In the end I think we’re supposed to feel sorry for Kal-El that Krypton will not be restored, but considering the Krypton that was, was a stagnating society that had destroyed itself with bad choices, I find it hard to get too worked up over it. He wouldn’t fit in there any better than he would here, really. I did enjoy the performances from all of the main actors. Shannon’s Zod is both sympathetic and menacing. He’s a product of the broken Krypton – engineered to protect it, and unable to think outside of that. Henry Cavill was a solid Superman and Amy Adams at least seemed like she could be a reporter, which gives her an advantage over Lois in Superman Returns. All the various Clark/Kal parents are where they need to be.

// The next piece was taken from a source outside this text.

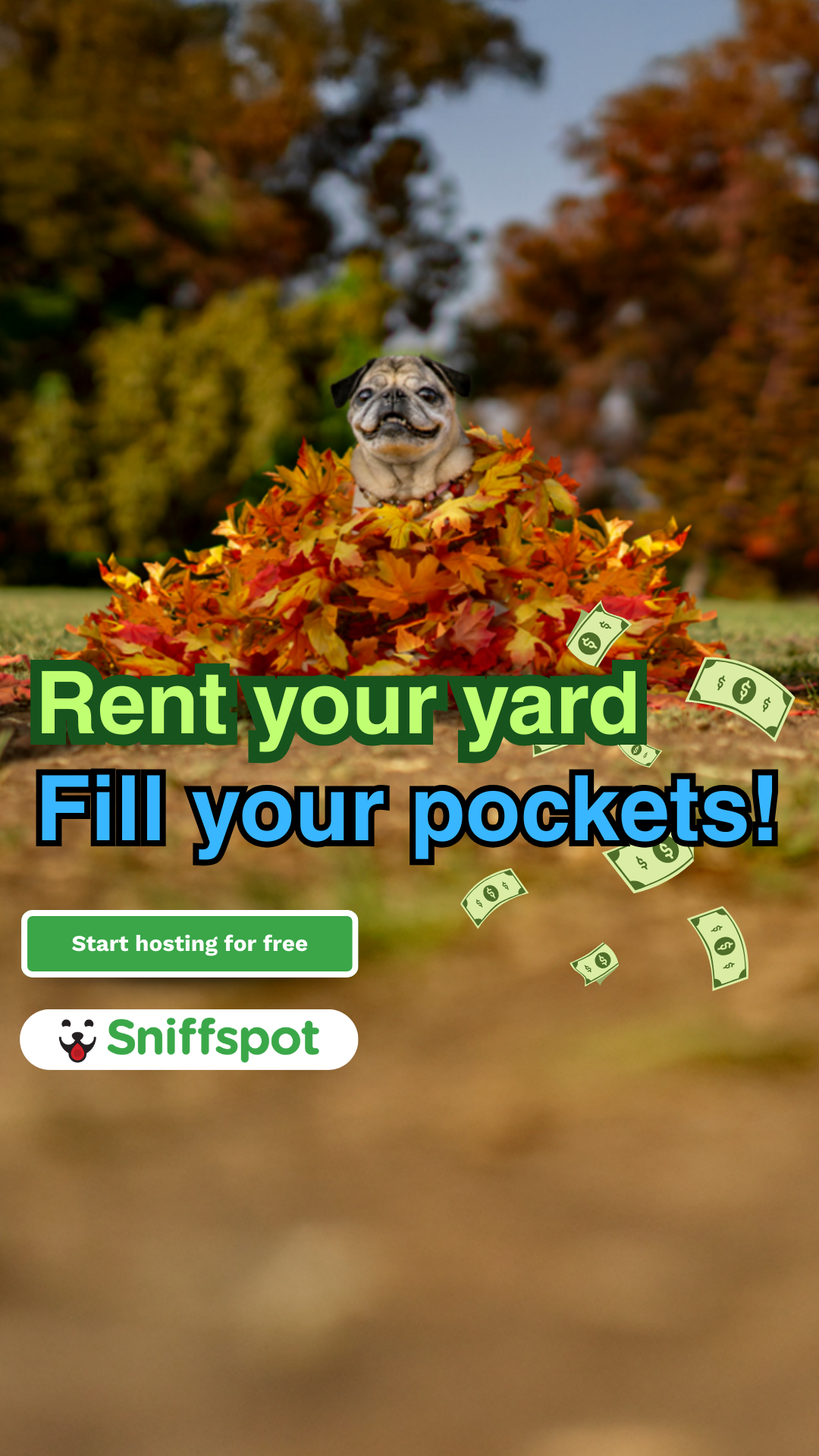 Sniffspot Facebook ad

The major problems with the movie come down to two things. The first is the neck-snapping. Up to that point, Superman hadn’t been paying any attention to what’s been happening to the average person on the ground. Now, suddenly, here’s a couple of people being directly threatened, and he goes THERE? Where Superman NEVER goes? My friend Chris points out numerous other options other than the FINAL one used. I bet you could think up a few more. Even if you keep that scene, you know what would’ve made it more poignant? Say Supes and Zod are bashing their way through the city, wrecking stuff, but hey! That schoolbus is about to be crushed by rubble! Superman zooms over and rescues them, and gets wrecked by Zod as a result. Show him trying and failing to help these common folks caught in the crossfire of this huge battle. Then the terrible choice Clark makes might have some heft. Zod will have already killed thousands but at least it would’ve shown that Superman cared. The anguish might’ve felt earned instead of forced.
The other problem is that you went big with the first movie. How do you follow this? Lex Luthor is the only other option that Joe Moviegoer knows. But that usually means bringing in the biggest weakness of the Superman franchise – Kryptonite. There are other villains but even now, everyone is looking for Luthor, there’s no way that’s not what comes next.
I will say that I did enjoy the movie. I have no plans to see it again, but it’s probably one of those I’d watch when it came on FX in the future. That puts it on par with Iron Man 2. No need to seek it out unless you are a big Superman fan, and even if, it may tick you off.